ACTIVITY:
When the line containing "Canvas painting - Inscription" is found in the data below, give it again along with every later line, exactly; drop the pictures.

DATASET EXTRACT:

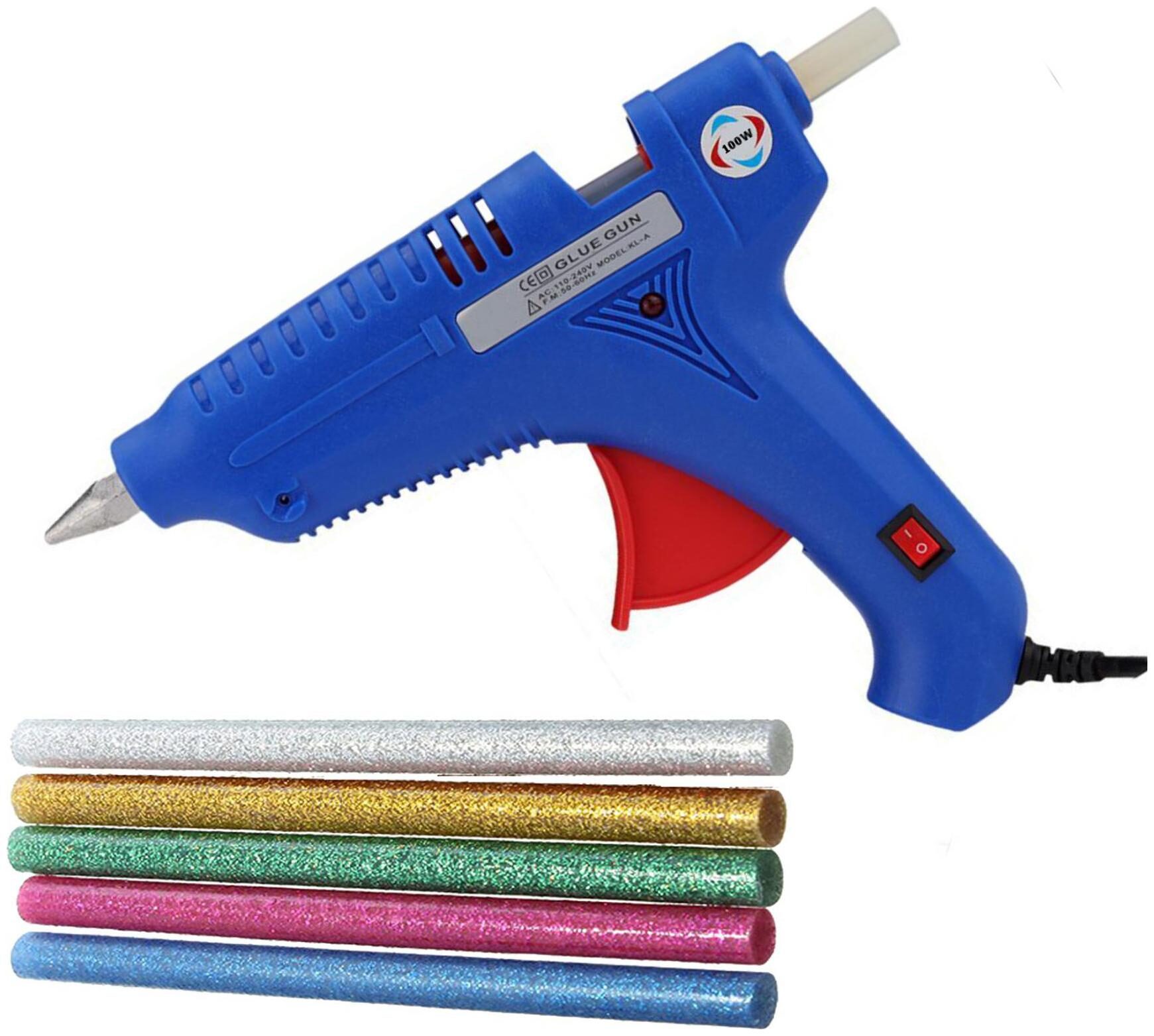 

BOND BLUE 100W 100 WATT LEAK PROOF PROFESSIONAL HOT MELT GLUE GUN (ON OFF SWITCH AND INDICATOR) WITH 5 GLITTER GLUE STICKS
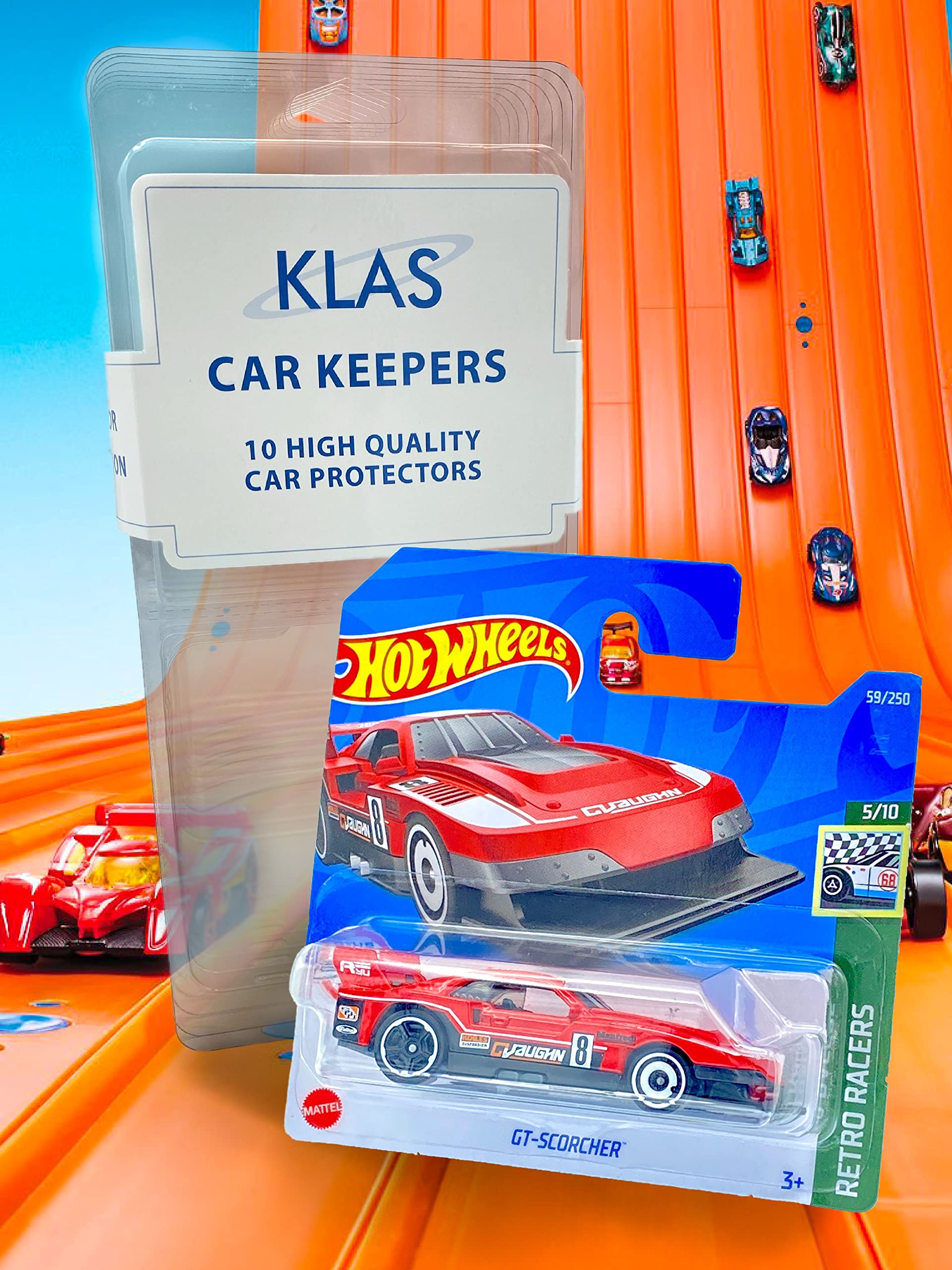 Hot Wheels GT-Scorcher (Rosso) 5/10 Retro Racers 2022 - 59/250 (carta corta) *** Viene fornito in una custodia protettiva per collezionisti KLAS CAR KEEPER *** HCT86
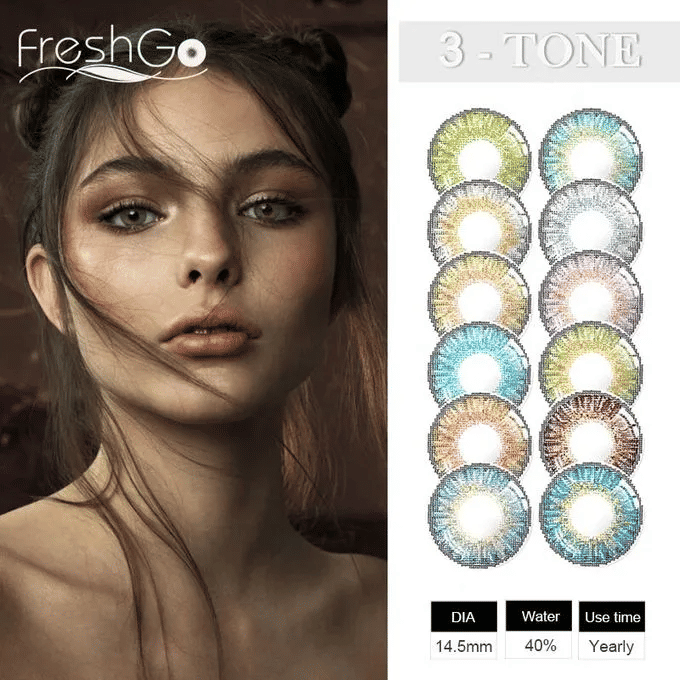 Freshgo 3 Tone Color Contact Lenses Yearly Natural Appearance Pupil Hidrocor Circle Eye Contacts 1 Pair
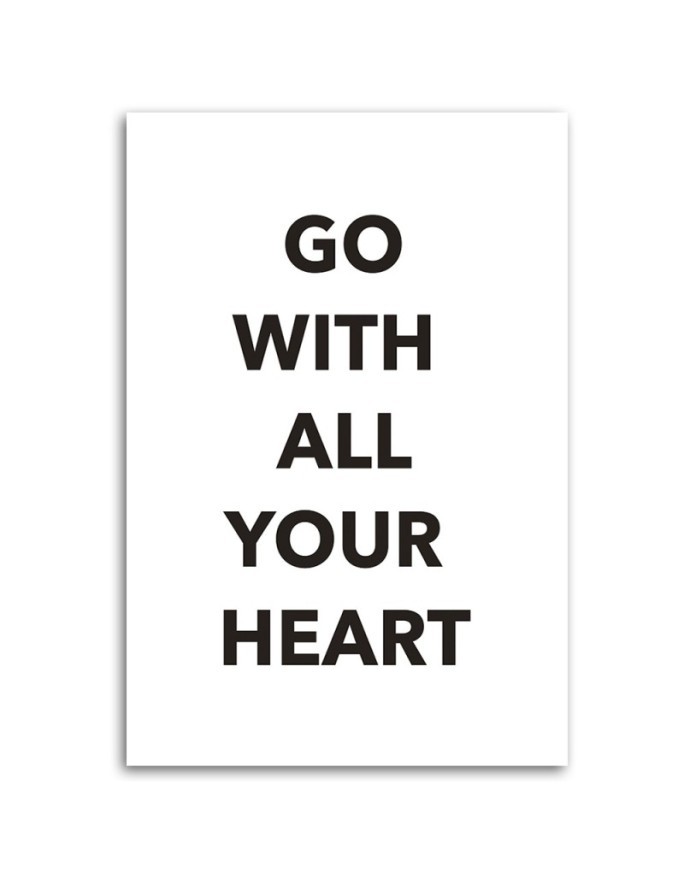 Canvas painting - Inscription With all my heart in English | FEEBY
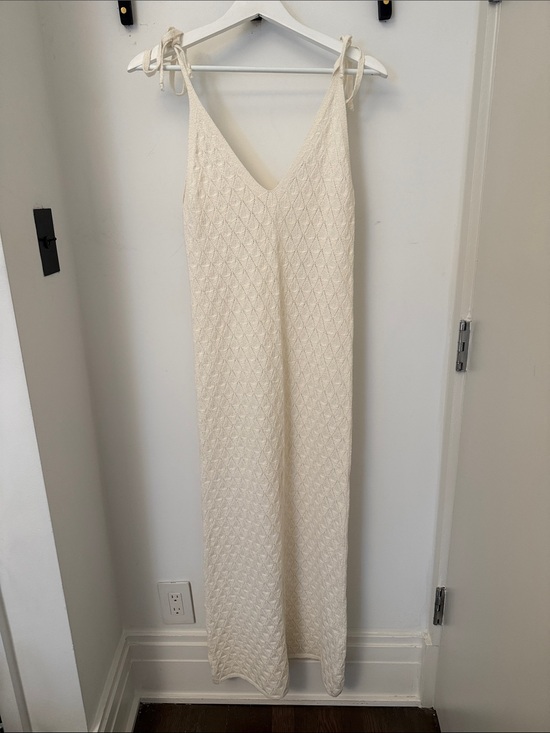 Zara Dresses & Skirts - Zara Cream Diamond-Texture Maxi Slip Dress and coverup with Tie Straps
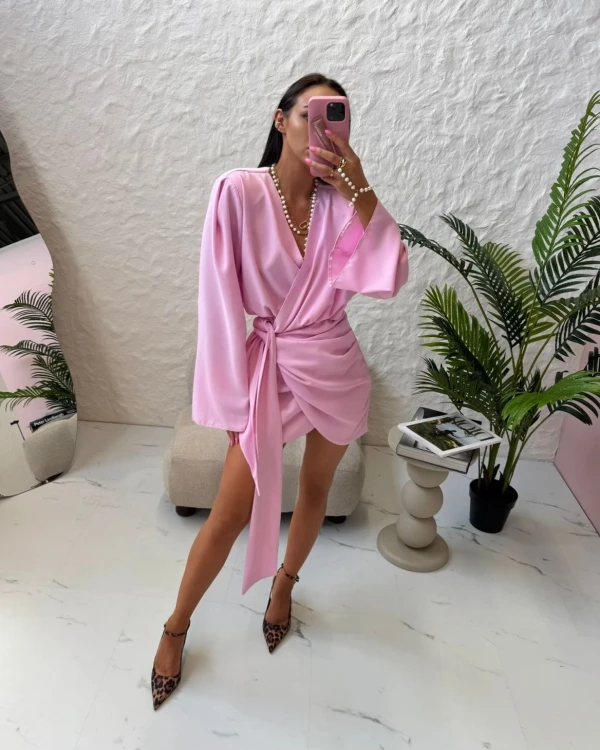 la milla sukienka kimono różowa, la milla sukienka elegancka różowa, la-milla różowa sukienka wiązana, la milla sukienka kimono na lato, la milla sukienka różowa na chrzciny, la milla elegancka sukienka kimono na wiosnę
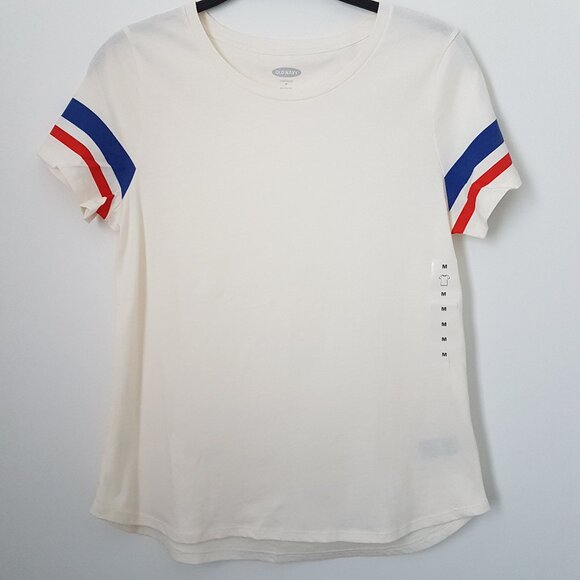 Old Navy Women Ivory Stripe Short Sleeve T-Shirt - Size M - NWT - Picture 1 of 5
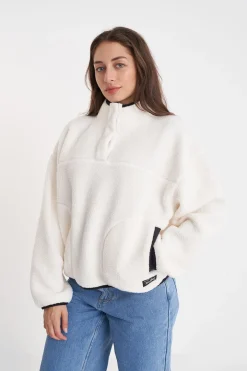POLAR FLEECE PULLOVER CHALK/BLACK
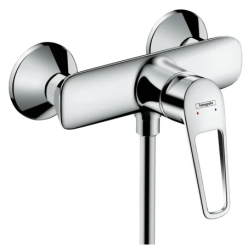 Смеситель для душа Hansgrohe Novus Loop, однорычажный, керамический, настенный, без излива, без шланга/лейки, латунь, цвет хром, хромированный, на 2 отверстия, для душа/ванной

TASK OUTPUT:
 Canvas painting - Inscription With all my heart in English | FEEBY
 Zara Dresses & Skirts - Zara Cream Diamond-Texture Maxi Slip Dress and coverup with Tie Straps
 la milla sukienka kimono różowa, la milla sukienka elegancka różowa, la-milla różowa sukienka wiązana, la milla sukienka kimono na lato, la milla sukienka różowa na chrzciny, la milla elegancka sukienka kimono na wiosnę
 Old Navy Women Ivory Stripe Short Sleeve T-Shirt - Size M - NWT - Picture 1 of 5
POLAR FLEECE PULLOVER CHALK/BLACK
 Смеситель для душа Hansgrohe Novus Loop, однорычажный, керамический, настенный, без излива, без шланга/лейки, латунь, цвет хром, хромированный, на 2 отверстия, для душа/ванной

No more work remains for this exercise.